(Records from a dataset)
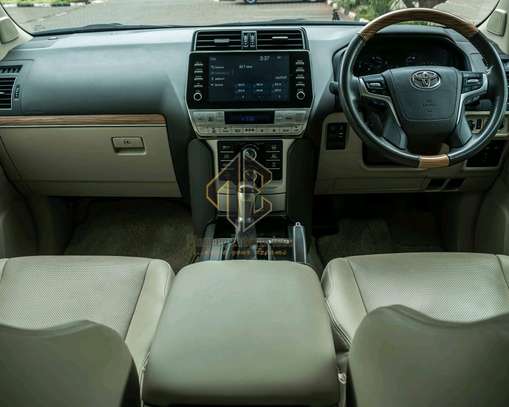 2020 Toyota LandCruiser Prado TZ-G image 5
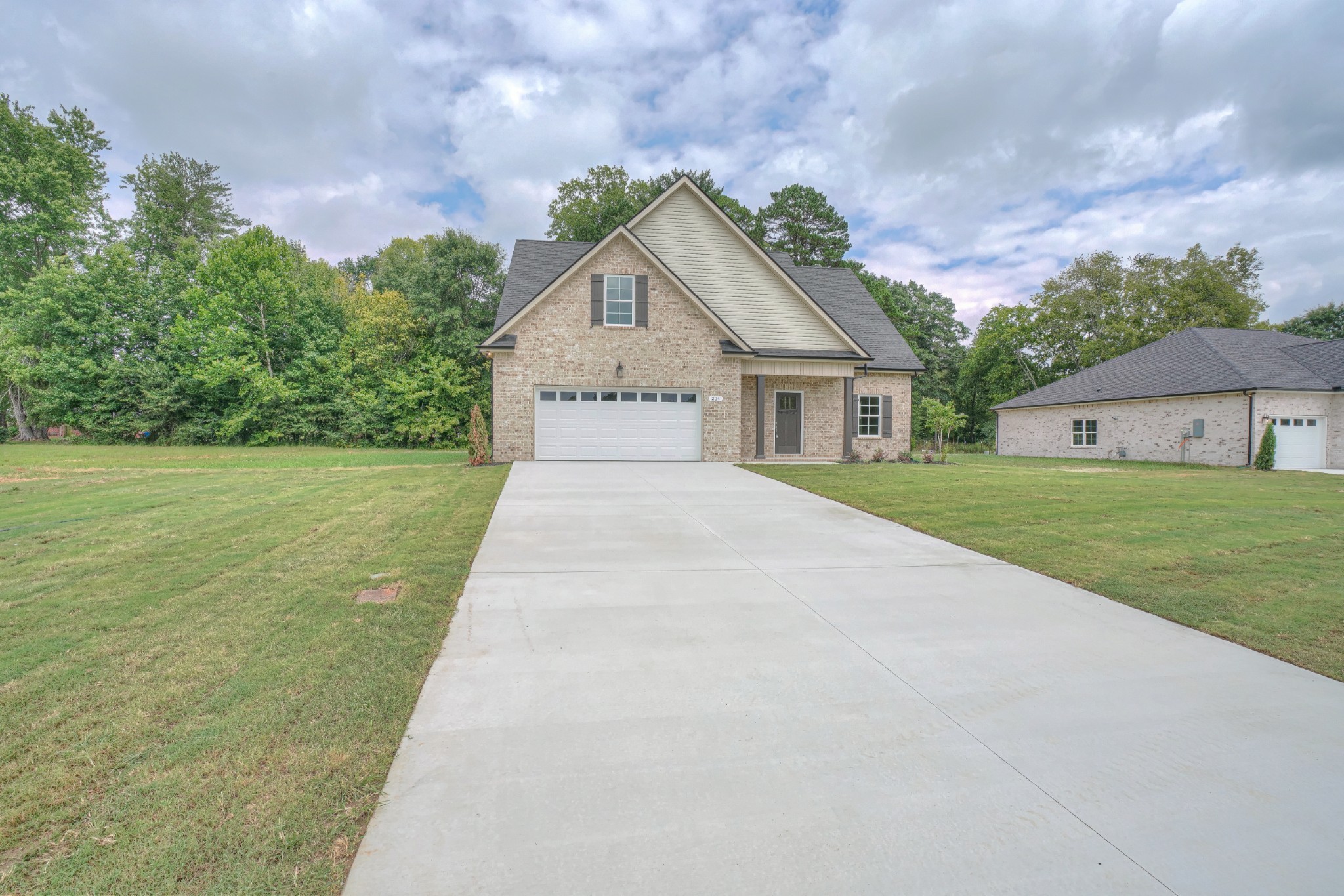 204 Spring House Dr Property Photo 1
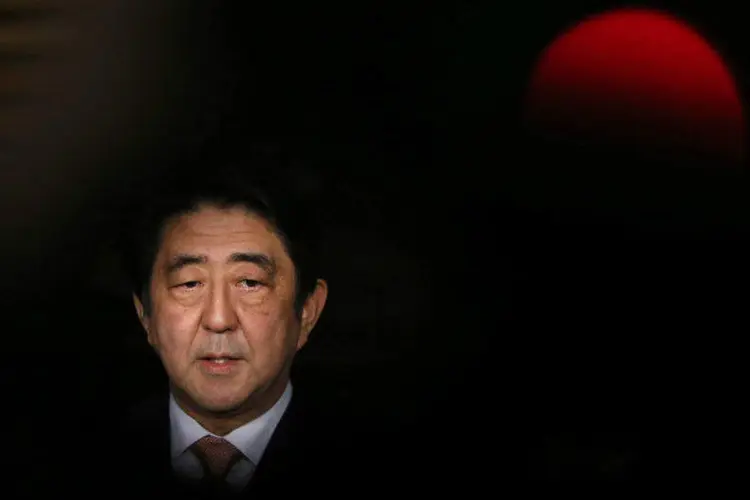 
	O primeiro-ministro japon&ecirc;s, Shinzo Abe: ele estava na Indon&eacute;sia nesta quarta-feira participando de uma c&uacute;pula &Aacute;sia-&Aacute;frica
 (Toru Hanai/Reuters)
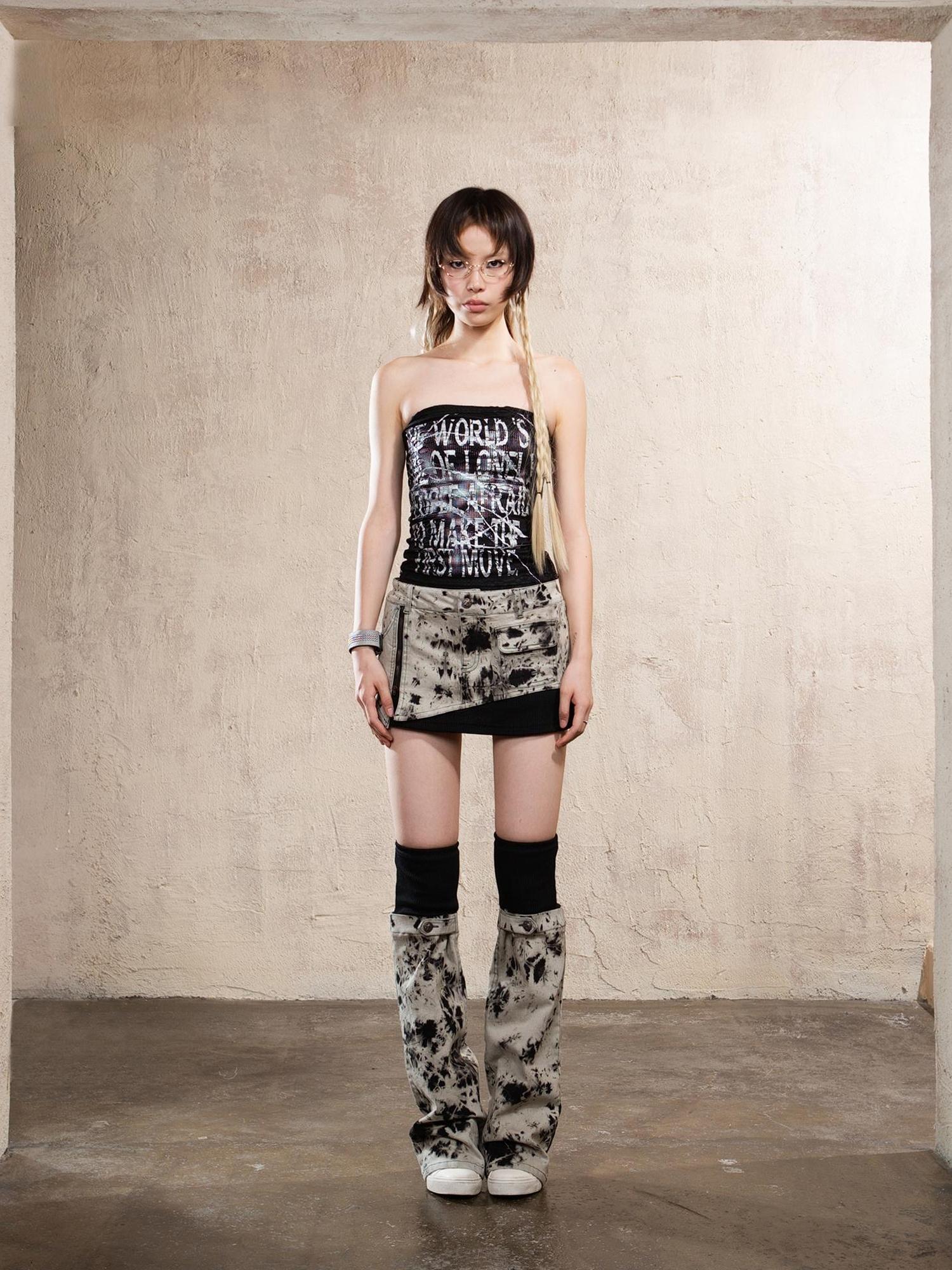 Ancient Bronze Print Tube Top Punk Shibuya Woman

● **WHAT TO DO**
Reproduce the whole of the data, word for word, and omit its pictures.

● **FINISHED EXERCISE**
 2020 Toyota LandCruiser Prado TZ-G image 5
 204 Spring House Dr Property Photo 1
	O primeiro-ministro japon&ecirc;s, Shinzo Abe: ele estava na Indon&eacute;sia nesta quarta-feira participando de uma c&uacute;pula &Aacute;sia-&Aacute;frica
 (Toru Hanai/Reuters)
 Ancient Bronze Print Tube Top Punk Shibuya Woman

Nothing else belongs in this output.